Lors de la clôture de session d’un séminaire récemment co-organisé à Bamako par l’Organisation internationale de la francophonie (OIF), le ministre malien des affaires étrangères, de l’intégration africaine et de la coopération internationale Abdoulaye Diop déclarait qu’aujourd’hui s’ouvrait « un partenariat stratégique entre le G5 Sahel et la francophonie. » Il n’est pas certain qu’un tel partenariat puisse apporter la solution aux problèmes sécuritaires de la région. Plus encore, un tel partenariat ne ferait que renforcer cette « dépendance » des États du Sahel vis-à-vis de la France. Ce qui ne serait in fine bon ni pour Paris ni pour les pays sahéliens. Car le mécontentement des populations, s’il n’est pour l’instant pas très audible, est tout de même bel et bien là.

« Qui contrôle le Mali contrôle l’Afrique de l’Ouest »

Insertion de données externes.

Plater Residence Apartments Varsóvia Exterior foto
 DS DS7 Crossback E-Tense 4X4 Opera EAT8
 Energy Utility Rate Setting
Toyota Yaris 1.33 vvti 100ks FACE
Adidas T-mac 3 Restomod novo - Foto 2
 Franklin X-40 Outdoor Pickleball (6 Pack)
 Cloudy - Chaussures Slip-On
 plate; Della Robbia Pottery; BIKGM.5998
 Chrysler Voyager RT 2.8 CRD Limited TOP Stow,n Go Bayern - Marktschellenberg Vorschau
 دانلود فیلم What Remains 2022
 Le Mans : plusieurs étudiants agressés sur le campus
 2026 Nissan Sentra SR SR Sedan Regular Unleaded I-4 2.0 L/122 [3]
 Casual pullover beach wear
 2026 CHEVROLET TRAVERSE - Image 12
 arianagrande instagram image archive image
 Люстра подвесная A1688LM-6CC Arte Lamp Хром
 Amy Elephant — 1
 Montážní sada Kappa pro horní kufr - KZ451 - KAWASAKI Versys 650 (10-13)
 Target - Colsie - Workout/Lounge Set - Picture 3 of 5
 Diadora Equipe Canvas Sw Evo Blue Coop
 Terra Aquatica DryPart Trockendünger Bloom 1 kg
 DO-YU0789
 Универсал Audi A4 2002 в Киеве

Les séminaires et autres tables rondes sur le Sahel tenus dans la région se multiplient, maintenant ainsi l’industrie hôtelière à flot. Mais la plupart de ces séminaires clonés aux noms aussi similaires que répétitifs, parlant de « transparence », de « bonne gouvernance » et autres ne débouchent au final sur rien d’autre que des déclarations de bonnes intentions. Tout en permettant à leurs organisateurs de justifier de leurs financements auprès des bailleurs. Le drame qui se joue vraiment au Sahel est quant à lui totalement oublié, oblitéré. Les non-dits des États, des autorités régionales et des forces extérieures présentes sur le terrain ne sont nullement débattus, sinon en aparté entre amis et collègues. Pourtant, la région du Sahel est un bloc géographique d’une instabilité chaotique dont nul ne saurait prévoir la fin. Une chose est certaine : il est permis de douter d’un clap de fin heureux pour les pays et populations du Sahel.

Nonobstant toutes ces interrogations, il est important de se souvenir du théoricien gourou et économiste américain Milton Friedman (1912-2006), qui expliquait que « seule une grande crise — réelle ou perçue — produit des changements réels. » À cet égard, l’intervention militaire française au Sahel n’est pas sans coûts financiers. Coûts que la France se doit d’optimiser sur ces marchés africains à développer. Et notamment les marchés « de sécurité et de défense » qui occupent une place privilégiée en Afrique. Et le moins que l’on puisse dire est que le secteur de sécurité privé au Mali et au Niger est florissant, et celui de l’industrie des armes « made in France » bien portant.

Le bruit des bottes militaires côtoie, mais aussi et surtout couvre les rumeurs et autres murmures de mécontentement au sein des populations sahéliennes. Mais si les militaires ignorent ou ne comprennent pas les chuchotements des Maliens et Nigériens, ces derniers au contraire voient énormément de choses se tramer sous leurs yeux, dans leur propre pays. Et s’ils n’en saisissent pas tous les contours et finalités, il n’en demeure pas moins qu’ils se posent énormément de questions. Les Peuls disent : « fêram boni », c’est-à-dire il n’y a plus de stratégie, plus de vision stratégique. Plus que de soldats et de bases militaires occidentales, ce dont ont besoin les pays du Sahel est bien de cela : une stratégie commune, endogène et régionale. Sinon, ni le Mali ni aucun des autres pays voisins ne pourront assurer la sécurité et la stabilité tant nécessaires au développement économique de la région.Comme le dit le Malien Doulaye Konaté de l’association des historiens africains dans le documentaire Guerre de l’ombre au Sahara3, « qui contrôle le Mali contrôle l’Afrique de l’Ouest, si ce n’est toute l’Afrique. » Sans doute la réponse à toutes ces norias militaires et diplomatiques se trouve-t-elle là.

1NDLR. Dit aussi « Accord d’Alger », signé le 15 mai et 20 juin 2015 à Bamako après des négociations menées à Alger entre le Mali et la Coordination des mouvements de l’Azawad (CMA), une alliance des groupes armés touaregs et arabes.

2NDLR. Azawad : territoire presque entièrement désertique situé dans le nord du Mali et recouvrant des zones saharienne et sahélienne. Des groupes séparatistes touaregs ont proclamé son indépendance en 2012, avant d’y renoncer l’année suivante.

3Bob Coen et Éric Nadler, 2013, Coproduction ARTE France, Crescendo Films.